• _PROMPT_
Restate word for word the lines below that run from the one holding "Filistin Tablosu - Dini" through the one holding "Electric Bike Ebike", inclusive. Pictures don't belong in the copy.

• _GIVEN ENTRIES_
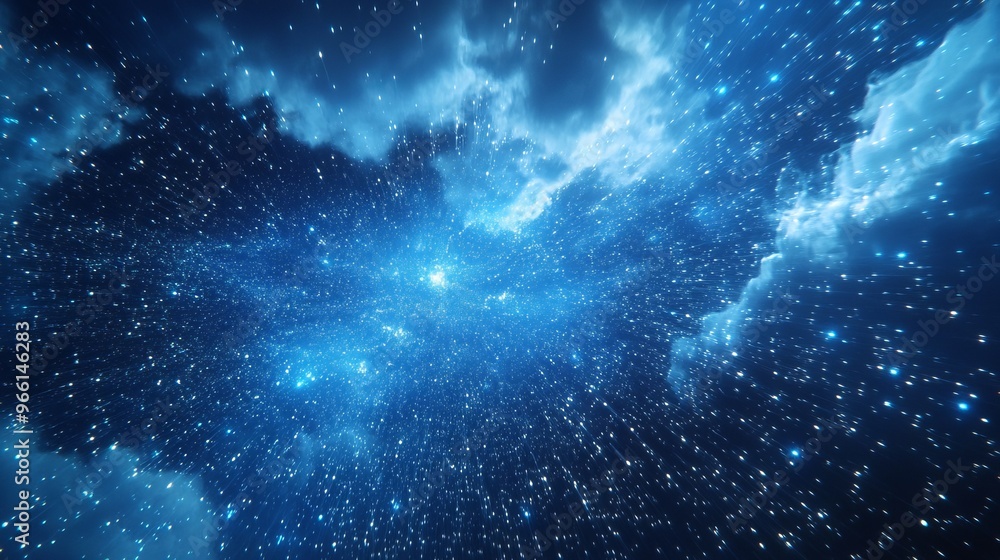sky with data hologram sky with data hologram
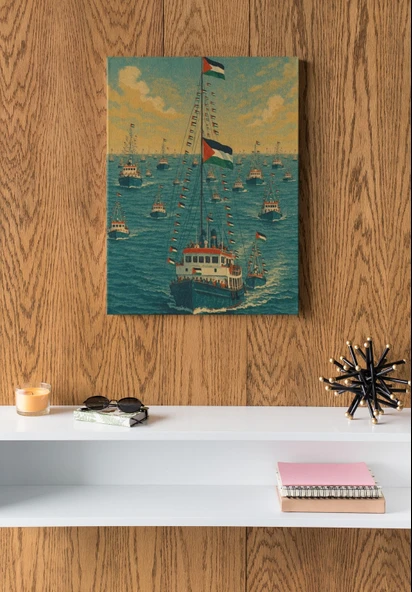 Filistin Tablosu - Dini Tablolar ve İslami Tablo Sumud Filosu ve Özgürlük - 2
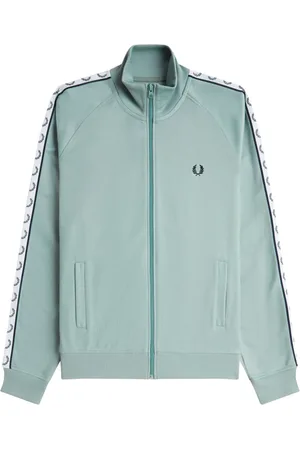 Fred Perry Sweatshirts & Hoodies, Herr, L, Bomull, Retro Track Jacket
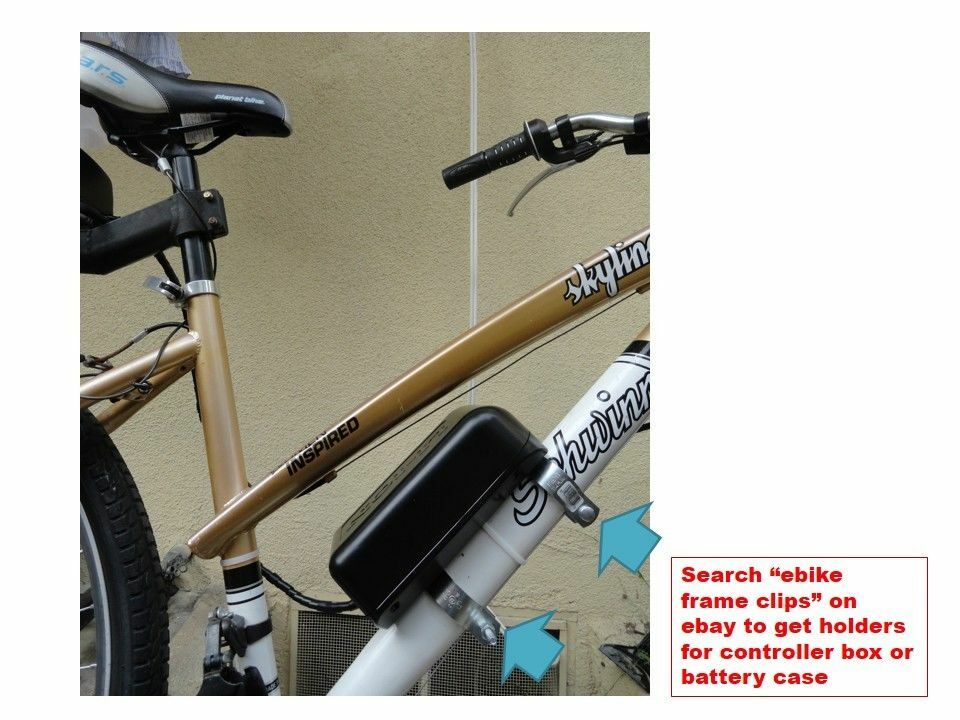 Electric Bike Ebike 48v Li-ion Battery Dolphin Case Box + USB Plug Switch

...

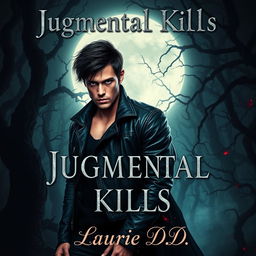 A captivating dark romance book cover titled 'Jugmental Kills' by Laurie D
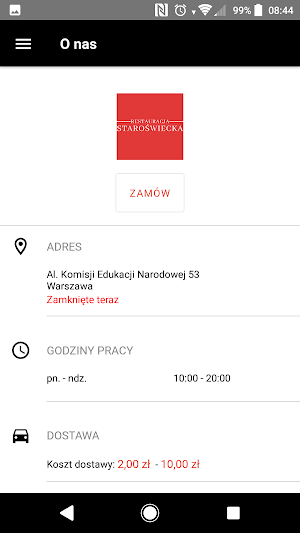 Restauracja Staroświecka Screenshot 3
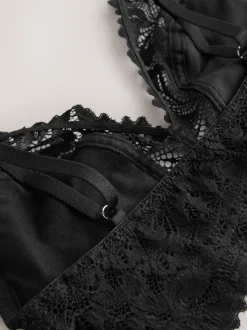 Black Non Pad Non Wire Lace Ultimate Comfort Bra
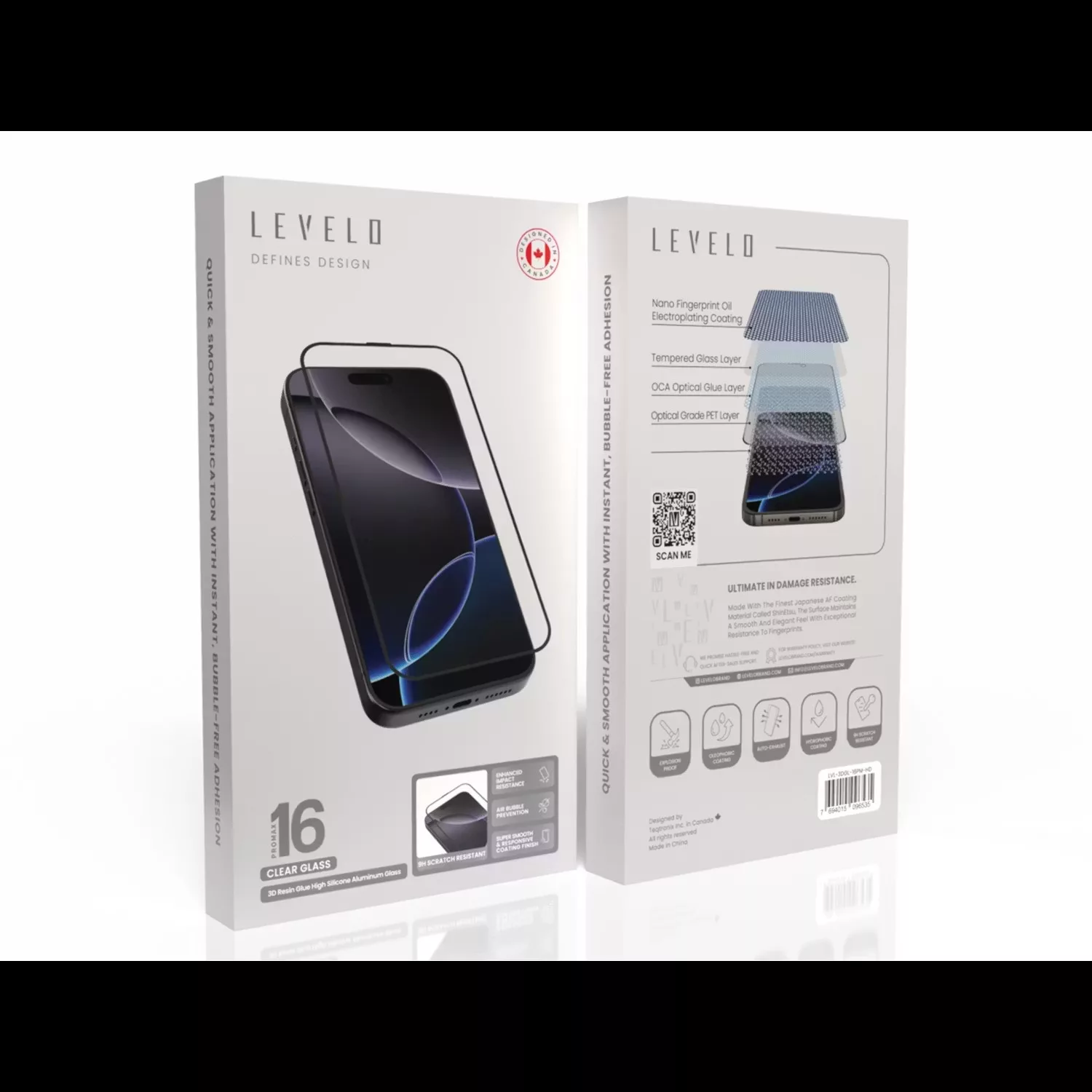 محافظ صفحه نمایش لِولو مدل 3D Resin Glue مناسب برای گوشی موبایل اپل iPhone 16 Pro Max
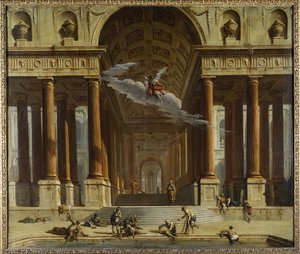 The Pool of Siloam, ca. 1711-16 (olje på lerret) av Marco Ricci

...

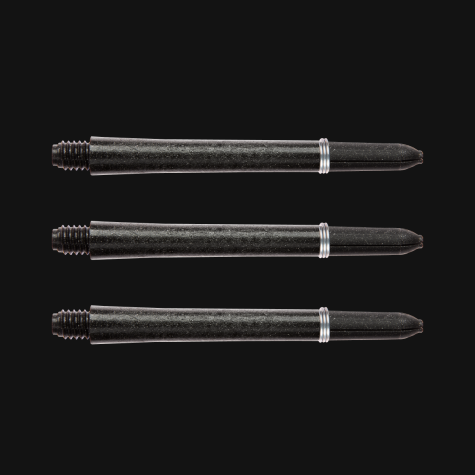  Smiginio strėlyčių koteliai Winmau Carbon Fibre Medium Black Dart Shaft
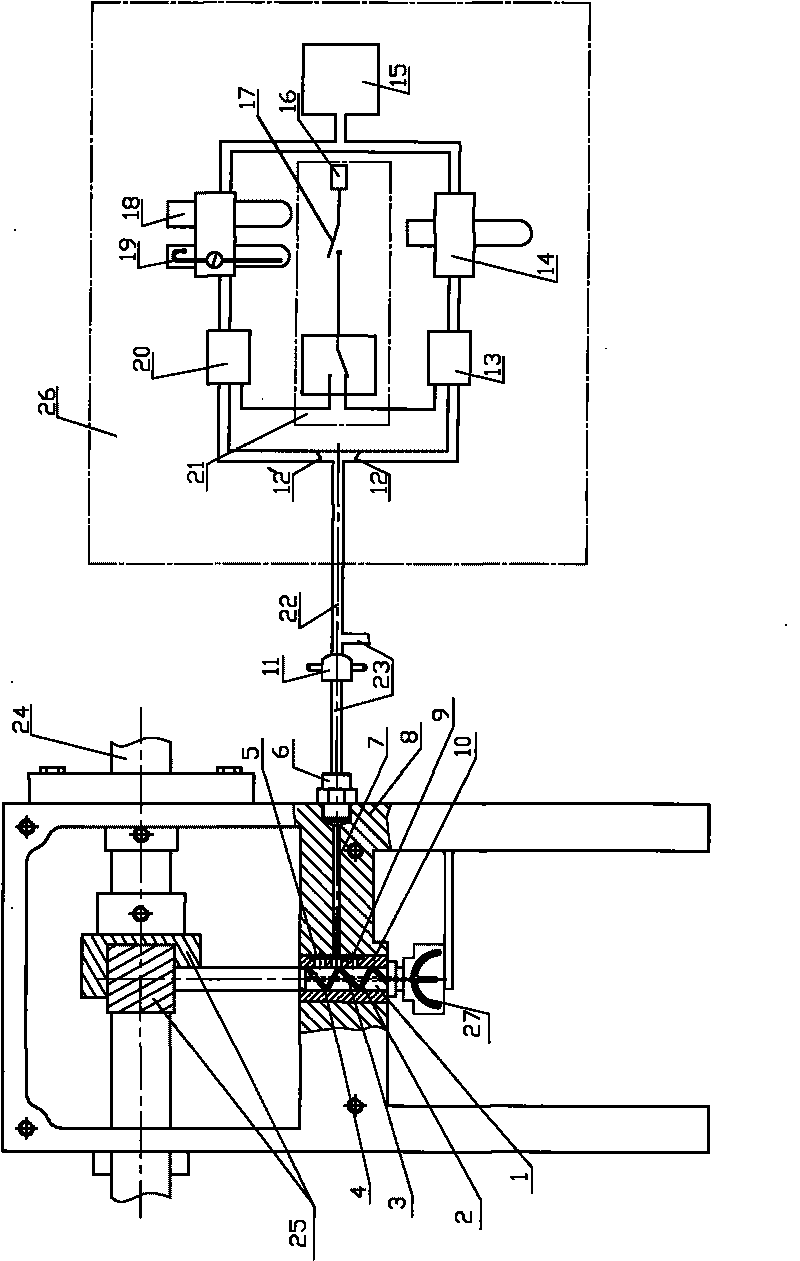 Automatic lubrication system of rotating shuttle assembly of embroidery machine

• _WRITTEN REPLY_
 Filistin Tablosu - Dini Tablolar ve İslami Tablo Sumud Filosu ve Özgürlük - 2
 Fred Perry Sweatshirts & Hoodies, Herr, L, Bomull, Retro Track Jacket
 Electric Bike Ebike 48v Li-ion Battery Dolphin Case Box + USB Plug Switch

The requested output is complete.